Order No. 889 further clarified the requirements of Order No. 888 and established an electronic information system to ensure competitive wholesale markets. (51) The electronic system, called OASIS (open access same-time information system) provided existing and potential transmission users the same access to transmission information as that enjoyed by the transmission owner. (52) Order No. 889 also required utilities to comply with standards of conduct that precluded anticompetitive behavior by transmission owners, whereby affiliated generators or power marketers would be favored with transmission services. (53) Order Nos. 888 and 889 had a dramatic impact on creating competitive wholesale electricity markets through open access to the transmission grid on a nondiscriminatory basis and the encouragement of ISO formation. The Orders, however, failed to address issues surrounding retail wheeling and the appropriate form for a transmission facility. (54)

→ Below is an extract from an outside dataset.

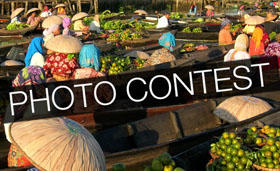 PHOTO CONTEST – Women and Agricultural Biodiversity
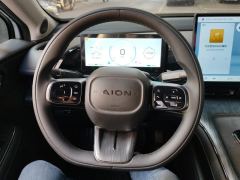 Aion S MAX 610km 80 Starlight Edition 67.9kWh - ფოტო 18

In 1999, FERC promulgated Order No. 2000 to rectify engineering and economic inefficiencies and to counteract continued opportunities for discrimination. (55) FERC determined that electricity markets were insufficiently competitive and found the following: (1) the reliability of the bulk power system was stressed; (2) there were increasing difficulties in computing transmission capacity; (3) regional coordination was needed for congestion management; (4) there was increased uncertainty with transmission planning and expansion; and (5) pancaked rates in transmission pricing inhibited market development. (56)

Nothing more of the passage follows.